The purpose of the reorganization was two-fold. First, the group merged its reserve and circulating collections into a single, large, circulating collection.

They then changed how books were stored on the shelves in an attempt to pack more books on the shelves to make more use of the fixed amount of space in their library. Standard-height paperbacks and hardcovers will still remain in distinct areas in the library, however.

So on Saturday morning, Jan. 12, the first of hundreds of book-filled boxes marked “Mergatory” — purgatory for merging — were moved down the hall to W20-491, where the merging process began.

2:

Here, (left to right) Cathleen E. Nalezyty ’16, Susan A. Shepherd ’14 (obscured), Karl C. Ramm, and Naomi A. Hinchen ’11 participate in the merge process.

In general, the participants proceeded through sections of authors in alphabetical order, beginning with one column of books from the reserved set and one from the circulating set, and “zippered” them together into one merged output column. Next, someone shifted the merged book set onto a mobile book cart, to be taken back to the library and reshelved.

3:

Andrew M. Boardman thumbs through a set of paperbacks, looking for the proper spot for a book. At times, the similarities among last names of different authors made the merge process time-consuming and error-prone. For instance: Dick vs. Dicks vs. Dickson vs. Dickinson.

This image also illustrates a still-pending aspect of the reorganization. To save space on the shelves, the library plans to prune their in-library collection to at most two copies of any particular title. The prior limit was two circulating copies and one reserved, but with the merge, all copies will circulate. Once this next phase is complete, the redundant copies will join tens of thousands of other books that MITSFS already keeps in long-term storage.

4:

During a pause in work, participants listen as Brian T. Sniffen ’00 (left) offers a solution to a problem that has been discovered.

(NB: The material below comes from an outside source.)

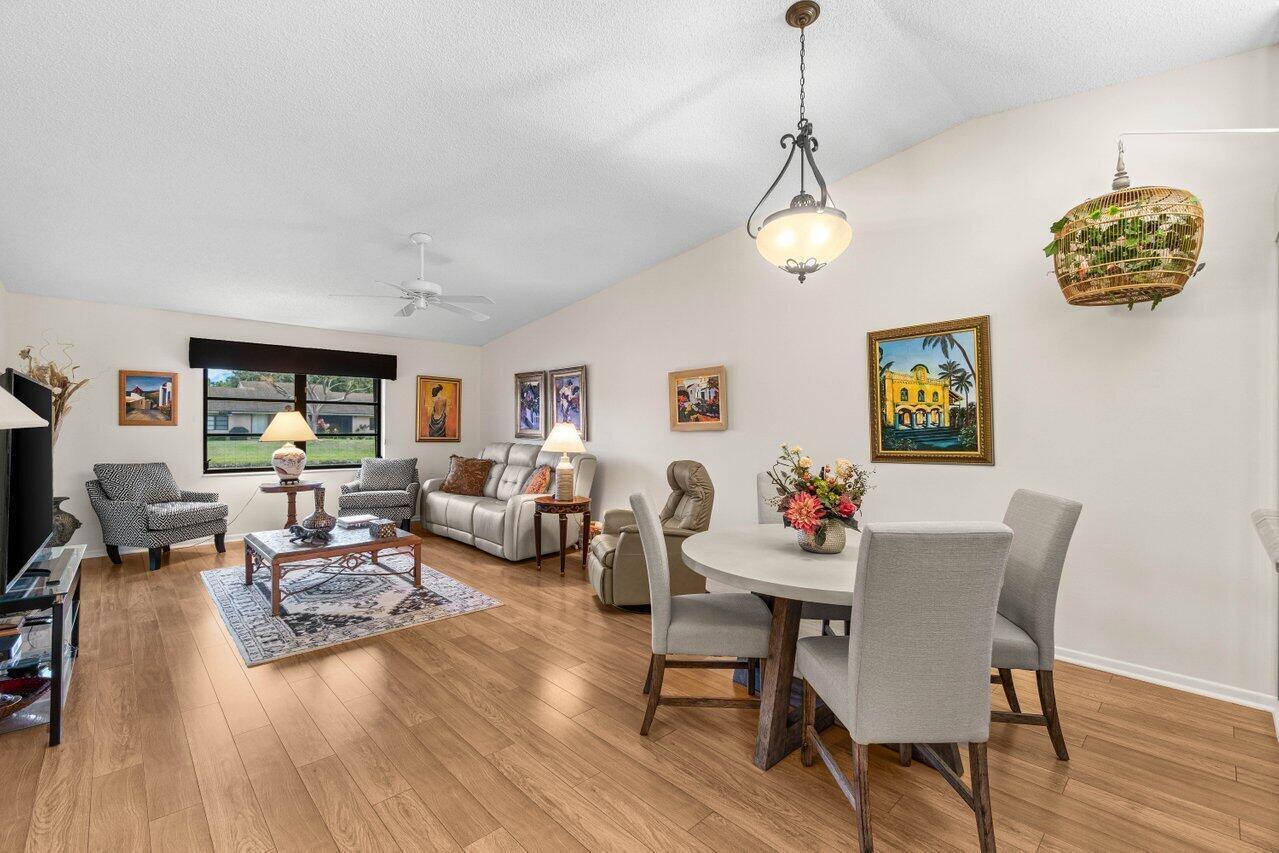 8286 Springlake Drive, Boca Raton, FL 33496, Boca Raton - Photo 2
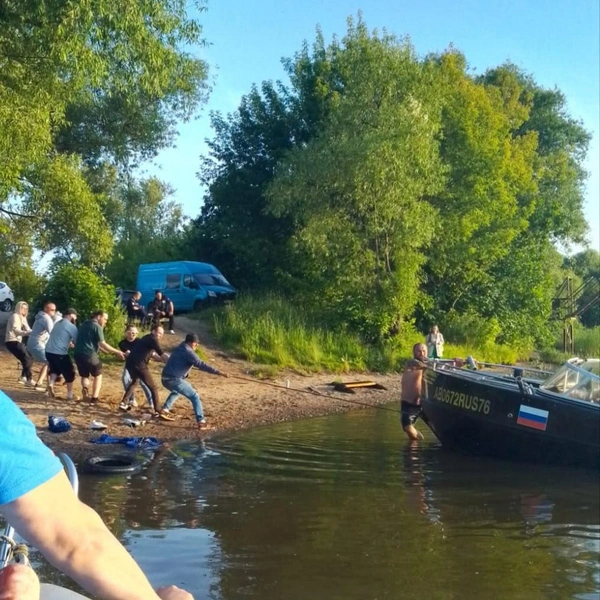 На борту лодки была семья с ребенком | Источник: ЯРОО «Ярославское общество спасания на водах» / Vk.com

After the merge phase, the books returned to the library for reshelving. Since most books moved from their original shelf locations, mistakes made during the reshelving process caused kinks that participants fixed as the process continued.

5:

Alexandra M. Westbrook ’13 (right) passes a book to Cathleen E. Nalezyty ’16 as the two “bubble” the books toward the far end of the shelves, in essence propagating the free space toward the near end of the row of shelves. The bubbling process served both to compress books on the shelves — after bubbling, wide books would typically be oriented to face outward, leaving more space for other books behind them — and to coalesce open shelf spaces in order to avoid “gotos” — points where the logical continuation of a set of books was located in a disjoint location in the library.

6:

At the end of the Saturday work period, Jesse M. Ashcraft-Johnson ’11 (left) and Kevin A. Riggle ’08 remove the line of tape which formerly delineated the demarcation between circulating and reserved books. As the reorganization process had done away with that distinction in the collection, the line on the floor had become simply a memory of the prior state of the library.

MITSFS remained closed on Sunday to finish the major aspects of the reorganization, and opened again on Monday, Jan. 14. Though significant aspects of the reorganization still remain to be completed, MITSFS Vice President D.W. Rowlands G noted that they had succeeded with their primary goals for the weekend.